Tingkat ma’rifat merupakan tahap terakhir setelah melalui jenjang  syariat,  tarekat dan hakekat  dalam perjalanan menuju Allah. Untuk sampai ke tingkat ma’rifat menurut Syeikh Abdurrauf orang harus lebih dahulu menjalankan aspek syariat dan tarekat dengan  tertib. Orang harus melakukan ibadah dengan benar dan ikhlas. Dalam kata-katanya sendiri Syeikh Abdurrauf berucap: “Dan sibukkanlah  dirimu  dalam ibadah dengan benar  dan ikhlas demi melaksanakan  hak Tuhanmu, niscaya engkau termasuk golongan ahli ma’rifat”.

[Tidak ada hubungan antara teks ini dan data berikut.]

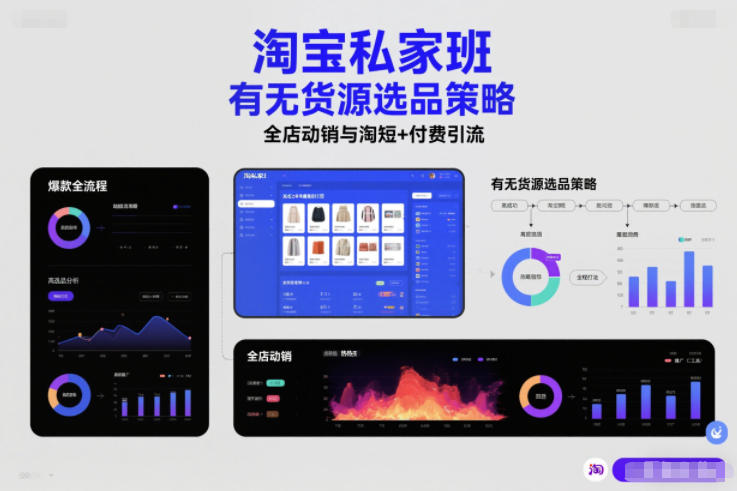 淘宝私家班，有无货源选品策略，高成功率爆款全流程打法，全店动销与淘短+付费引流(更新)-夏姐拆项目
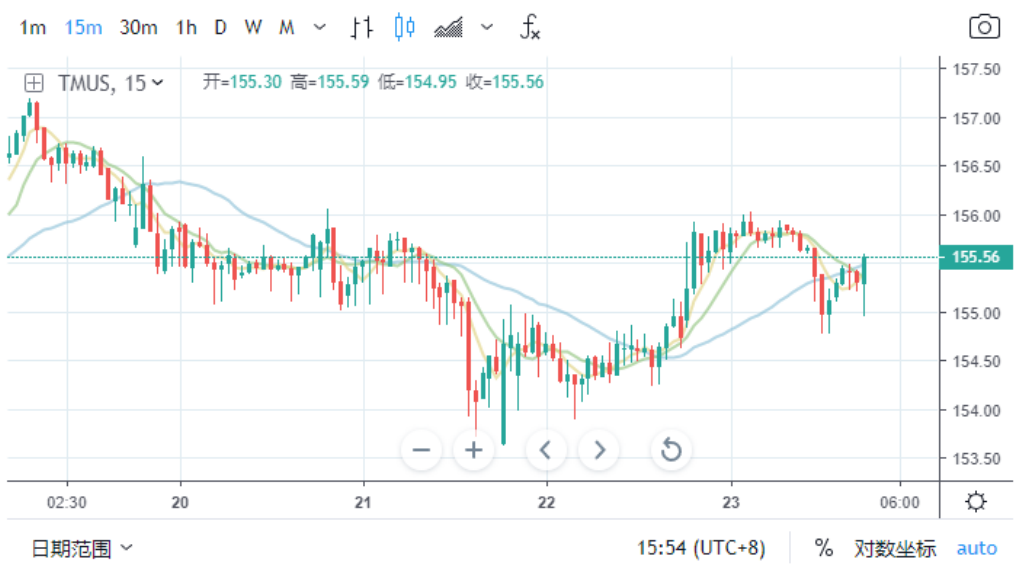 1703831893733551.png Screen Shot 2023-12-29 at 2.38.09 PM.png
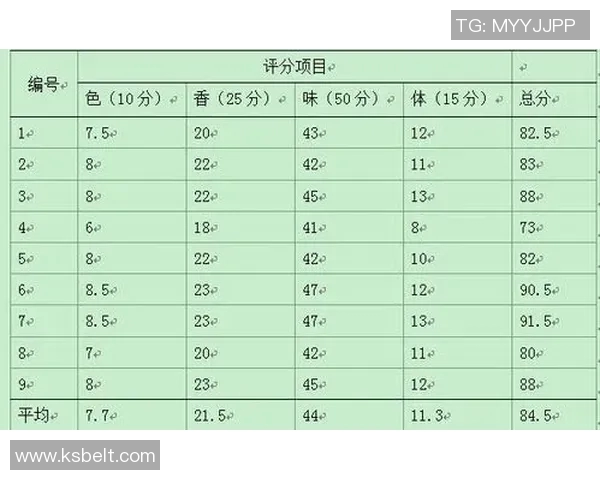 青年赛中BLG心理素质表现分析与点评探讨实时数据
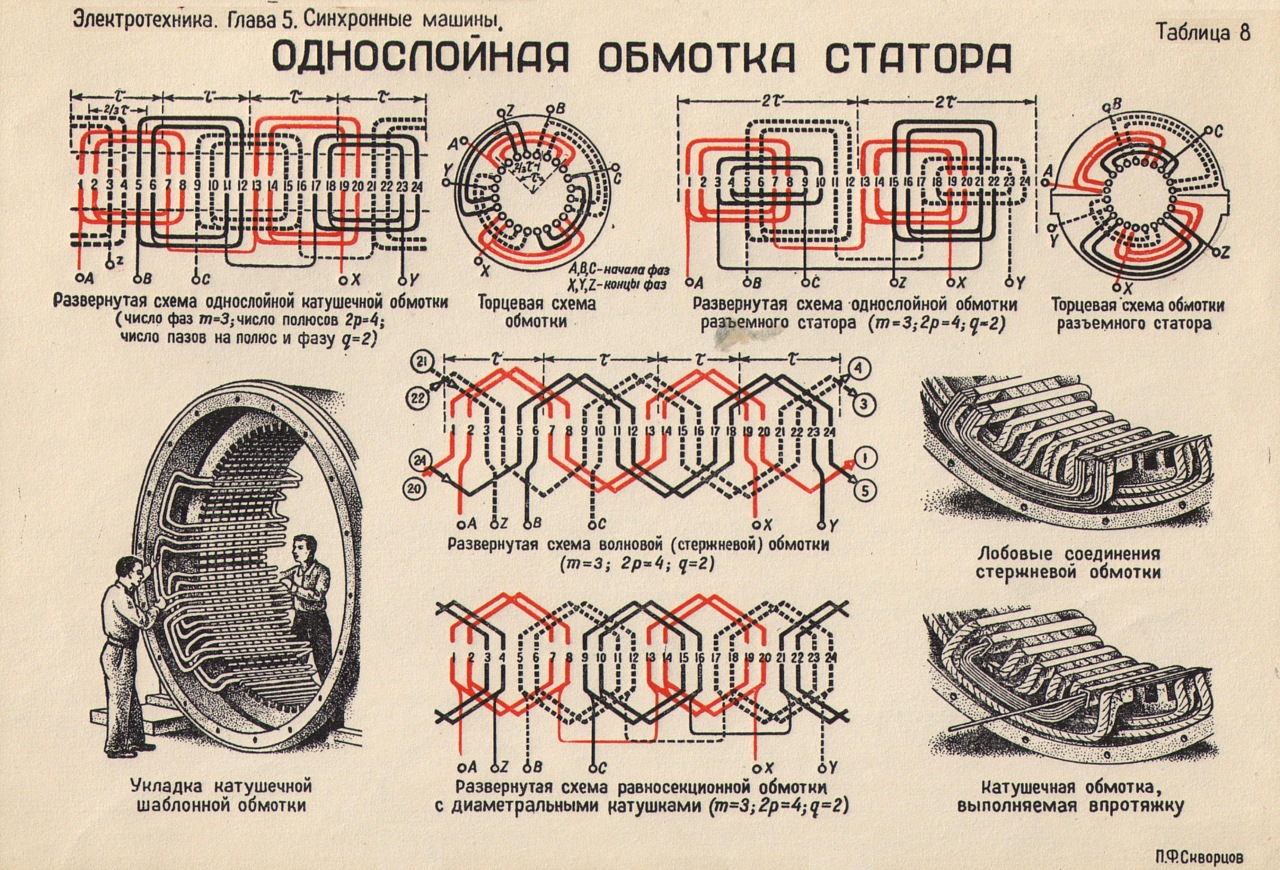 Синхронные машины - Фотографии плакатов - Фотоальбомы - Electrical  engineering - great science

Suasana  mistik  akan lebih terasa bila kita membaca dan mengikuti  puisinya dalam baris-baris berikut ini. Petikan  Syair Ma’rifat  dari tulisan Arab berbahasa Melayu, bertulisan tangan ini  dikutip dari ML. 378, halaman 40, terdapat di Perpustakaan Nasional RI. berbunyi sebagai berikut,

Airnya itu arak yang mabuk
siapa minum jadi tertunduk
airnya itu menjadi tuba
siapa minum menjadi gila

ombaknya itu amat gementam
baiklah bahtera sudahnya
karam
laut ini laut haqiqi
tiada bertengah tiada bertepi

Buku karya Syeikh Abdurrauf lainnya diberi judul ‘Kifayat al-Muhtajin’ disebut bahwa buku itu ditulisnya atas titah Tajul ‘Alam  Safiatuddin,  seorang Sultanah yang  mengayomi ulama dan sastrawan. Kitab ini berisi ilmu tasawuf.  Disebutkan  sebelum alam semesta ini dijadikan Allah, hanya ada wujud Allah.
Ulama besar dan pujangga Islam Syeikh Abdurrauf meninggal l695  M dalam usia 105 tahun. Di makamkan di Kuala, sungai Aceh, Banda Aceh.